EXERCISE INPUT:
[Start of section]

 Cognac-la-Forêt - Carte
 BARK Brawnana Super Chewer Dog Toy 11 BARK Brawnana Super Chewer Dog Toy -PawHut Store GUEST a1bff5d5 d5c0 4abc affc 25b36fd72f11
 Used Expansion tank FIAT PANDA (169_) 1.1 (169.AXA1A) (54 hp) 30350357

[End of section]
[Start of section]

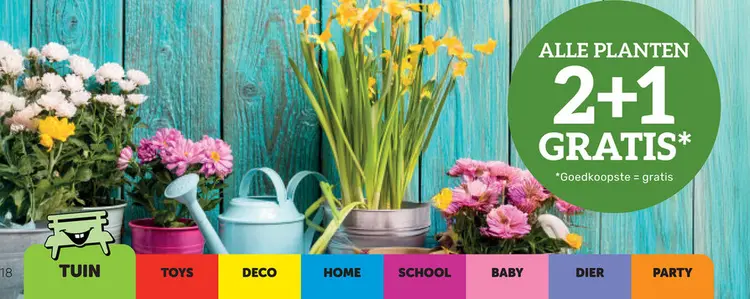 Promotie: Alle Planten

[End of section]

EXERCISE BRIEF:
Beginning at the line with "BARK Brawnana Super Chewer Dog Toy 11" and stopping after the line with "Used Expansion tank", please write out every line of the data above exactly and nothing else.

RESPONSE AREA:
 BARK Brawnana Super Chewer Dog Toy 11 BARK Brawnana Super Chewer Dog Toy -PawHut Store GUEST a1bff5d5 d5c0 4abc affc 25b36fd72f11
 Used Expansion tank FIAT PANDA (169_) 1.1 (169.AXA1A) (54 hp) 30350357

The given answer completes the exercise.